Thank you for your thoughtful and comprehensive response. Some of the things you said, I really need to go back to, and make a part of a routine. In particular, writing onto paper rather than into the DAW.

This is particularly scary because I can barely read (you know, I still have to use mnemonics to know which note is which, and even though on basic rhythmic stuff I'm getting better, when I look at scores, I have to spend a good 5-10 seconds per note just to be sure of what it is, and I often make mistakes on rhythm)

That said, I'm taking violin lessons, and also have started taking 1-to-1 theory lessons, so this will certainly help!


----------



## I like music (Jul 13, 2019)

JT said:


> Transcribing is very useful as everyone has said. But if you're a beginner, take it slow. Do simple ear training exercises and combine that with sight singing. Start with melodies. Learn to hear intervals. Learn to transform a rhythm you hear into a rhythm you can write down.
> 
> As a composer it's invaluable to be able to hear a melody in your head while you're driving and then seeing that melody in your head as notation, without using a piano, DAW, nothing.



This might sound like a silly question, but any pointers on what might be considered good ear training exercises?
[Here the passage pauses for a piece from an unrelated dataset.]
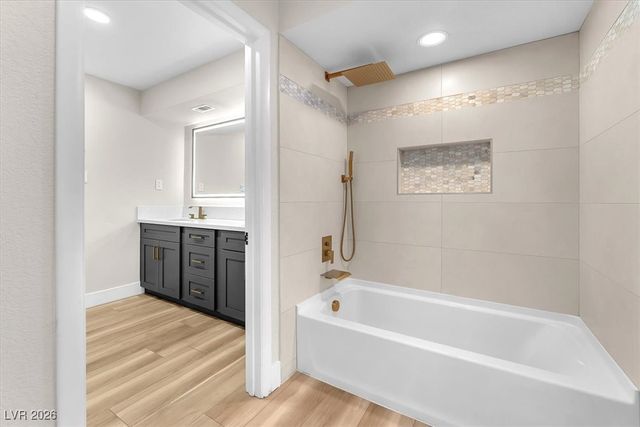 2868 Vista Del Sol Avenue, Las Vegas, NV 89120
Anything at all on ear training (even if it is super super simple) would be hugely appreciated!


----------



## JT (Jul 13, 2019)

I like music said:


> This might sound like a silly question, but any pointers on what might be considered good ear training exercises? Anything at all on ear training (even if it is super super simple) would be hugely appreciated!


Ear training 101 usually consists of identifying intervals used in common songs.
Did a quick google search and found this site:
https://flypaper.soundfly.com/tips/interval-cheat-sheet-songs-to-help-you-remember-common-intervals/

After you're comfortable with these and can hear the intervals, then take a song of your choice and try to write the melody on music paper using you ear, no piano. When you're done, then play it on piano and see how you did. See if certain intervals are easier or harder to hear, then concentrate on the difficult ones.


----------



## bryla (Jul 13, 2019)

Although I'm 100% in the movable do camp I completely agree with @douggibson


----------



## I like music (Jul 14, 2019)

douggibson said:


> Honestly..... just try and pick out songs / melodies on your instrument and reading music, and sing
> what you hear.
> 
> Don't worry or get distracted by anything else.
> ...



Thank you. With all the things I'm trying to do, the hardest part is to try to figure out a structure around my general learning (I'm learning the violin with a teacher, starting theory lessons, learning the piano (on my own), trying to write music, trying to learn more about mixing etc, and even though I'm in it for the long game, I want to enjoy the journey, so I don't want to spend all my time practising across all of these areas. But I feel that getting my 'ear' up to scratch should be a first priority.


----------